▸ WHAT YOU WILL DO
Would you return, word for word, the lines of the data below from the line with "(PL)Preloved Sweater, Dress" through the line with "Used Buick Regal", and no others?

▸ EXERCISE INPUTS
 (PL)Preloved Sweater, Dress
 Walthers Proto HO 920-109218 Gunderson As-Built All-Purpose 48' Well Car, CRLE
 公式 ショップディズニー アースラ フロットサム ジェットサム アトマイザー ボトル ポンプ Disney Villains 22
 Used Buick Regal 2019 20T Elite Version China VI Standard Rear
---
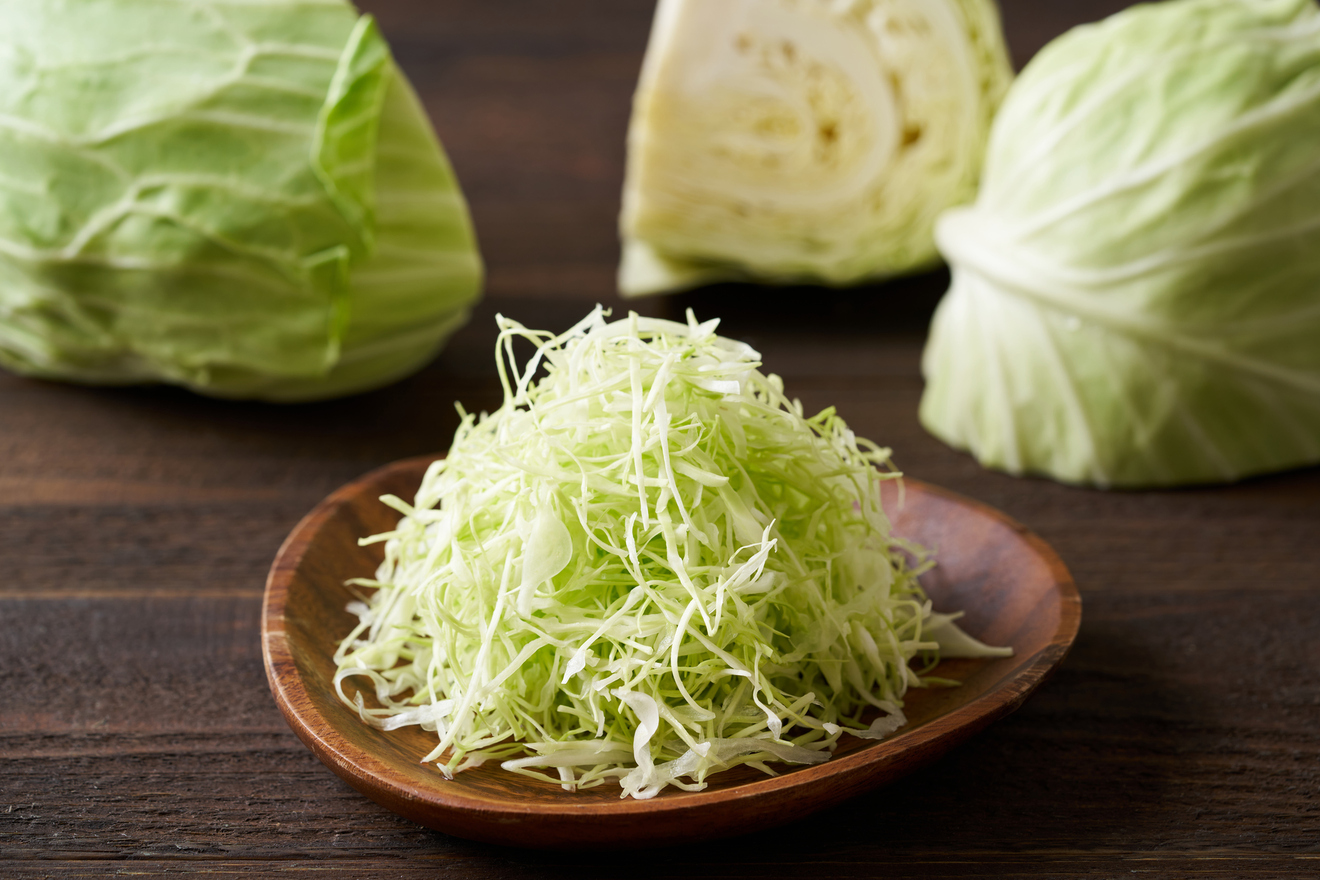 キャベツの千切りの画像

▸ RESULT BELOW
 (PL)Preloved Sweater, Dress
 Walthers Proto HO 920-109218 Gunderson As-Built All-Purpose 48' Well Car, CRLE
 公式 ショップディズニー アースラ フロットサム ジェットサム アトマイザー ボトル ポンプ Disney Villains 22
 Used Buick Regal 2019 20T Elite Version China VI Standard Rear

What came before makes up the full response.